Roger J Burke
I now live north of Brisbane, Queensland, near the Sunshine Coast, after having lived in New Guinea, the UK and Canada from 1961 to 1993. During that time, I've had the good fortune to have three sons and a daughter in Australia and twin sons and a daughter from a prior marriage in Canada.
My work record includes the following: first, a spot of colonial administration for five years (1961-1966) in New Guinea, the substance of which formed the narrative for my tell-all memoir, Another Fool's Paradise.
Second, after resigning in 1966, I departed the Australian scene for a long career in IT in England (five years), back to Australia (two years), then back to the UK and on to North America for another twenty-two years. During all that time, I functioned in a variety of roles within operations, programming, systems design and project management. Along the way, I also began a life-long association with karate-do and helped operate karate dojos; also assisted with women's self defense courses in Canada but conducted my own such courses in Australia.

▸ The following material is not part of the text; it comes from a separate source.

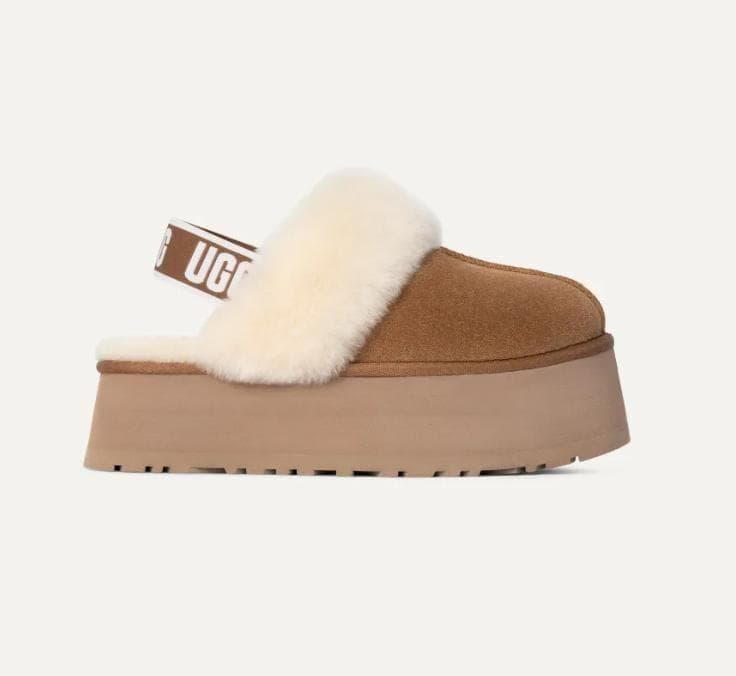 正規品⭐︎UGG FUNKETTE ファンケット　厚底　24cm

Finally, after settling back in Australia in 1993, I concentrated on maintaining my main website (Roger's Reference) which is devoted to specialized dictionaries of homonyms and homophones. My goal is to amass the largest such database on the internet. While doing so, I discovered the delights of chiastic rhetoric, most commonly exemplified with rhetorical observations such as: I eat to live, not live to eat (first attributed to Cicero, ancient Roman senator). I was so taken with that type of rhetoric, I've formulated over a thousand original comments into three volumes which are available, FREE, in PDF at the above site.
Recognizing the need for further education to improve my writing skills, I obtained a BA (Literature & Composition) at Griffith U. in 2007, followed by an MA (Writing) from Swinburne U. in 2009. In development are mobile apps and additional websites to promote other works and products, some of which will also be published through other outlets in due course.